With vapor rising from the box to my face, my stomach churned and my mind raced frantically to past moments. I felt a danger standing there in the kitchen, captivated by my cat's frozen coffin. There was a fear that each recovered memory would usher me further into an all-consuming anarchy of depressive thoughts. But the horror of this emotional abyss was coupled with a queer sense of comfort that I felt as I eyed the cardboard box before me. While during that first day I opted for warm soda rather than having to open the freezer door again, my anxiety steadily slackened over the next few days. Lonely in the kitchen late at night, I found myself opening the freezer for a spoonful of ice cream, teetering on the edge of the abyss, but somehow warmed by Cricket's frozen corpse. I began hunting out his usual napping spots, taking comfort in pinching together small clumps of his shed fur; I would raise the locks of cat hair to my face, trying to recapture a fragrance that would aid my frantic search for forgotten moments. I am dumbfounded by the perverse comfort I felt from Cricket's continued corporeal presence in the house. Although the idea of the spirit abandoning the physical body provides a sort of rational solace, when faced with Cricket's body I was more comforted to think that he was somehow still there.

Having a 19-year-old Siamese cat frozen in a cardboard box in your freezer - and taking comfort in that fact - somehow becomes a far more unpleasant and awkward thought when you realize that other people are aware of the situation. A dead body in the fridge seems a bit more normal if there is no one you have to look in the eye who knows about it. But with my older brother and sister and myself casually reaching for ice cubes or pulling out frozen chicken breasts for dinner (a sickening image in retrospect), the unsettling reality was unavoidable. Somehow, the awkward tension of our shared compliance with the situation had to be released. So we cracked jokes. Before my sister arrived home from New Jersey, my brother and I laughed at the idea of telling her to grab the apple pie out of the freezer and heat it up. I giggled when he suggested we take Cricket out and defrost him for one final family portrait. These were nervous jokes and laughs, simply relieving us of a shared discomfort. We became more embarrassed of our disdainful irreverence with each passing joke.
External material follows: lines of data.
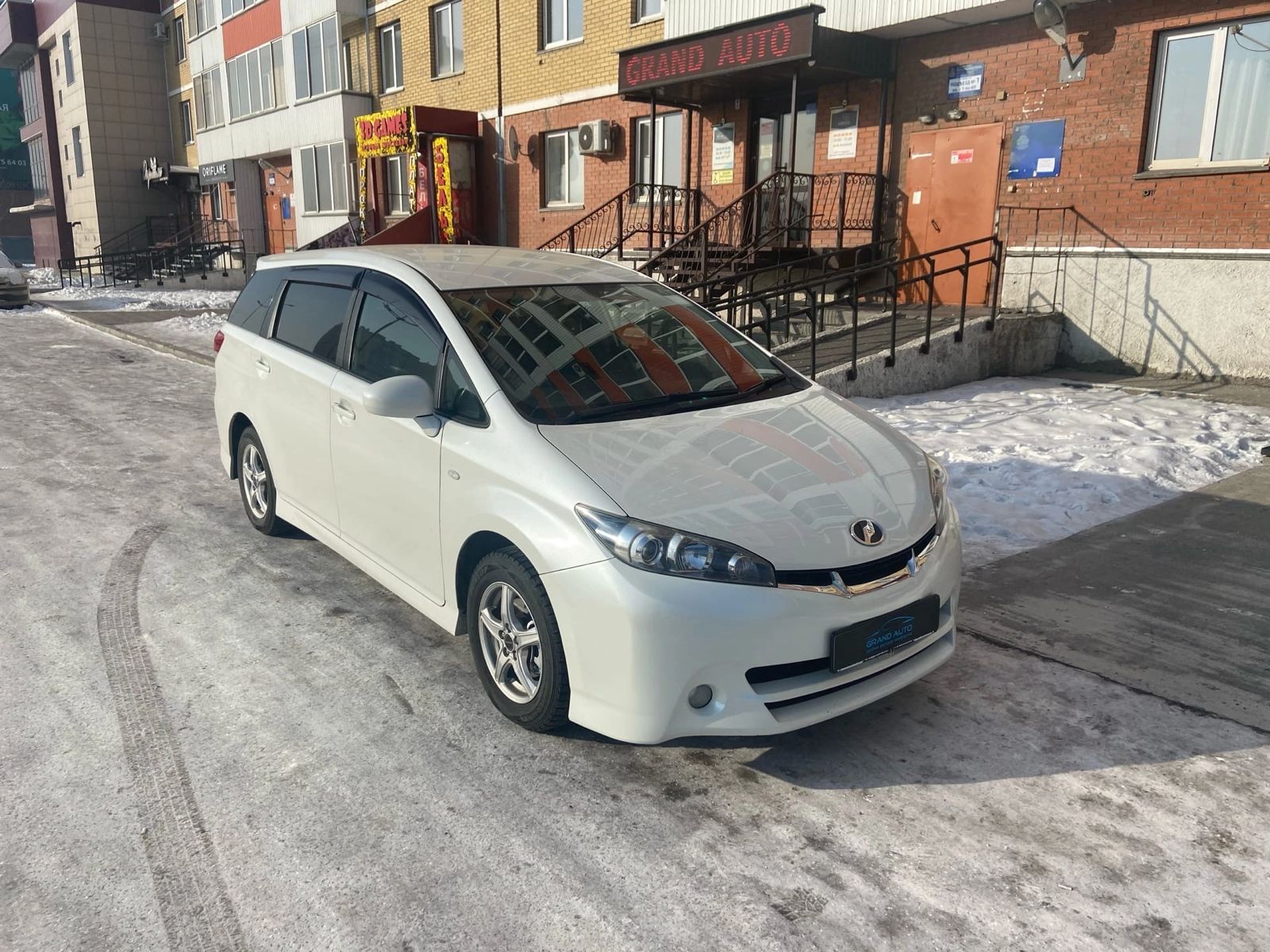 Прокат TOYOTA WISH - в Абакане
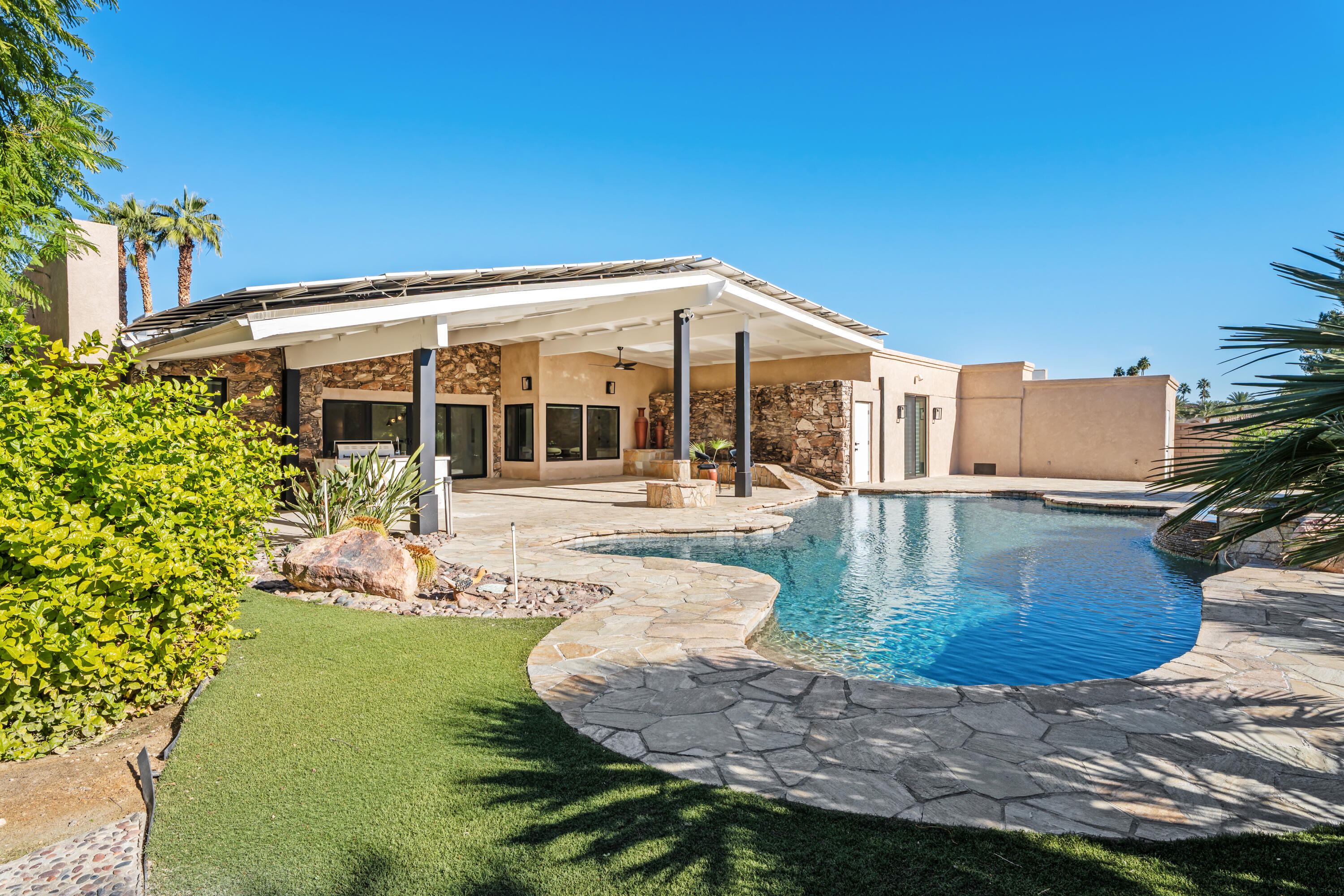 72114 Follansbee Road Rancho Mirage, CA 92270 - Photo 5 of 66 46_11960018_185237_185237-EI-140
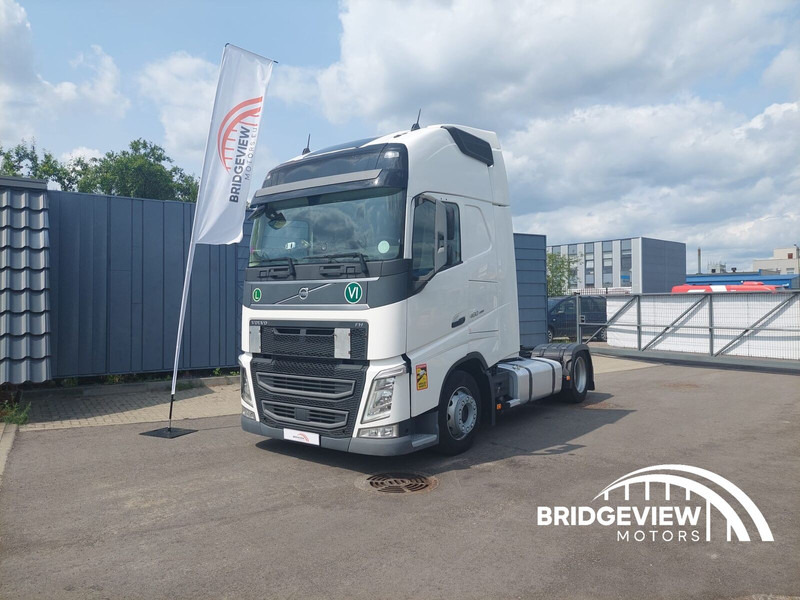 Volvo FH 460 - Vetopöytäauto: kuva Volvo FH 460 - Vetopöytäauto Volvo FH 460 - Vetopöytäauto: kuva Volvo FH 460 - Vetopöytäauto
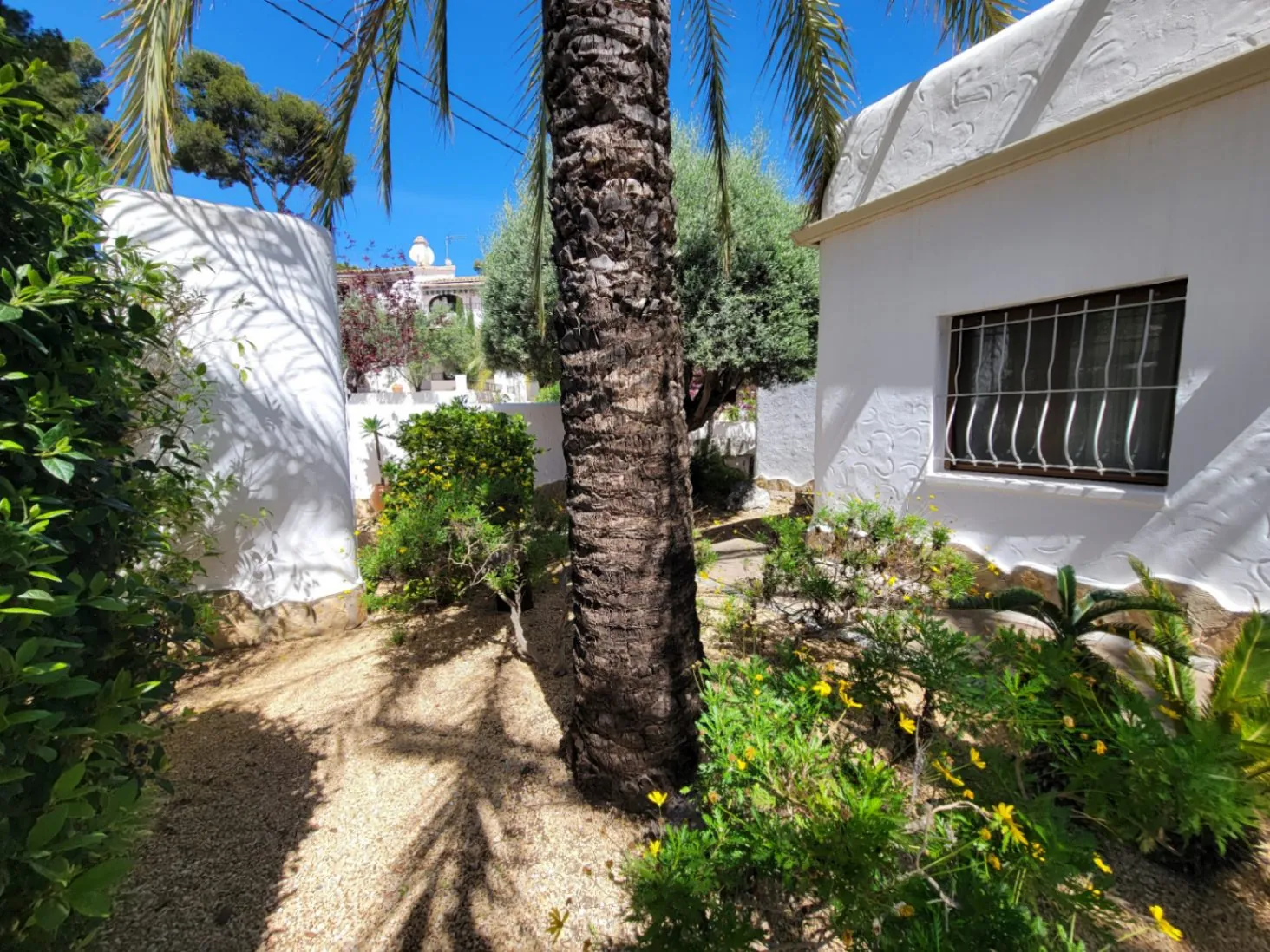 BONITO CHALET ESTILO IBICENCO EN MORAIRA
After a few days at home and a slight thaw outside, my family realized that we should bury Cricket before we left for our Thanksgiving trip to my grandmother's. After all, an unexpected power outage while we were gone would make for an unpleasant return. We pondered where we would bury him, where would be most meaningful and appropriate. I suggested that we bury Cricket in the driveway underneath the cars, where he used to keep himself warm with the cooling engines during winter excursions. Everyone smiled, and some of the awkwardness dissipated as I blushed for having made another joke. We ended up choosing a corner of the backyard. My brother went to get a shovel from the basement, and my father and sister went outside. The only one remaining in the house, I opened the freezer door and slid the cardboard box into my hands. With the care of a child who tends to a bird's broken wing, I carried Cricket outside. In the cold, black soil we laid him to rest.

When someone asks me to tell about my cat, I feel paralyzed by the failure of words to describe him. I find myself relying on funny and heartwarming anecdotes that fall frustratingly short of conveying his spirit, like a stick-figure caricature of something alive and three-dimensional. Cricket embodies so many parts of my life that the phrase, "My cat died," does not do justice to his significance. He is my childhood. He is my mother, who died almost a year ago. He is my home. With his death, all seem a little further from my reach.

After I loaded the car to return to school at the end of Thanksgiving break, I walked to the corner of the yard where you could still see the freshly packed brown earth. I stood for a moment, strangely comforted to be next to his grave. As the memories began to flood my mind, I walked away, careful not to let them consume me.

Christopher F. Herron is a member of the Amherst College Class of 1998.